Several weeks ago the American Bar Association Centre for Professional Responsibility held a conference in Colorado which focused on the “new” approach to legal regulation sweeping the common law world – “entity regulation” developed right here in NSW.. This approach shifts the focus of regulation from discipline alone to assisting firms to develop appropriate management systems to improve service delivery and reduce complaints.

“Appropriate management systems” (AMS) have been a part of the legal landscape in both New South Wales and Victoria for over a decade. Today every incorporated legal practice (ILP) in Australia must implement and maintain AMS. Research shows that many law firms and clients have benefitted from this requirement. This is because AMS requires ILPs (and now all legal practices) to implement a management framework that addresses ten key areas relevant to legal practice: negligence, communication, delay, conflict of interest, cost disclosure etc. AMS are a codification of good business practices, legal ethics, and risk management.
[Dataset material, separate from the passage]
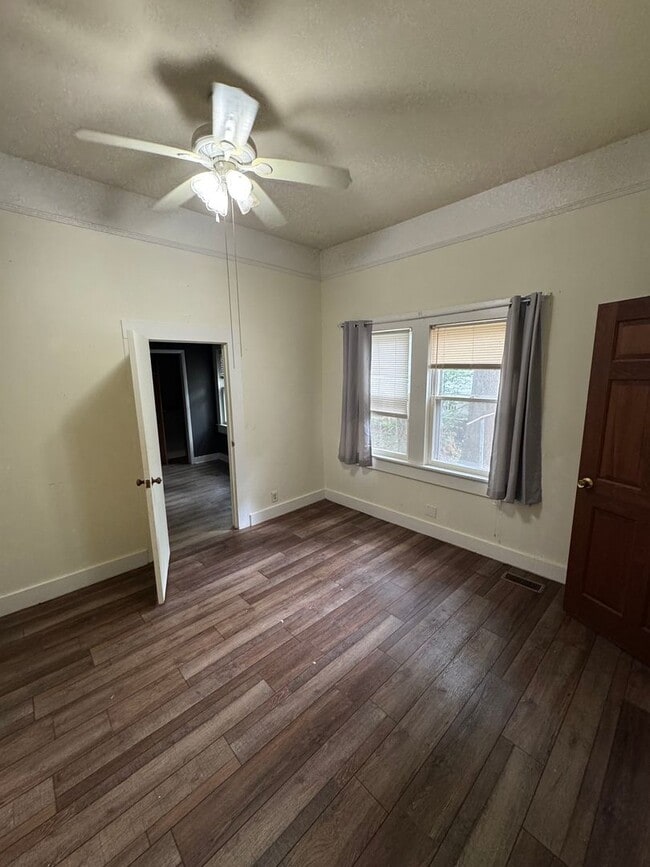 Photo - 202 Church Ave SE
AMS is a successful proactive regulatory measure that is designed to ensure that law firms effectively manage their affairs. Research has shown that law firms that have implemented AMS have fewer complaints lodged against them than law firms that don’t and that AMS enables law firms to be better managed. The ten key areas in the framework, coupled with a self-assessment process has enabled law practices to know what they should comply with and what targets to meet.

Unfortunately, it looks like the requirement to implement and maintain AMS under the new Legal Profession Uniform Law (LPUL) has been done away with. Under the LPUL there is no positive obligation placed upon an ILP, or any other type of law practice, to implement AMS.

The LPUL instead states that a law practice may be given a “management systems direction” by a designated local regulatory authority (DLRA) to ensure that “appropriate management systems are implemented and maintained”. However, a management systems direction can only be made if the DLRA considers it reasonable to do so after the conduct of an examination into a law practice, an investigation, or a compliance audit. The LPUL states that a “compliance audit” can only be triggered if the DLRA considers that there are reasonable grounds to do so based upon:
1) the conduct of a law practice
2) the conduct of one or more associate of a law practice
3) a complaint against a law practice
4) a complaint against one or more associates of a law practice.

So, a law practice will only know what standard it is expected to comply with AFTER being audited and found wanting. This was not the intention of the previous legislation. How did this happen?
Rumour has it that the large law firm group by making it clear to the Governments of NSW and Victoria that they were unhappy, and even insulted by the concept of being audited by the regulator have managed to avoid being audited as few complaints are every made against them.

So, in an attempt to stop “over regulation” the leaders of the profession have, potentially, done many law firms and clients a disservice by ensuring that appropriate management systems will now not be considered as a positive guide rather something which must only be done after regulatory intervention. However, legal regulators may still choose to publish the ten key elements and utilise the self-assessment process to foster a positive partnership with the profession to deliver better service to the public. Only time will tell.
Meanwhile, a growing number of jurisdictions in Canada and the US are now looking to implement “entity regulation”, developed in Australia and already followed by the UK.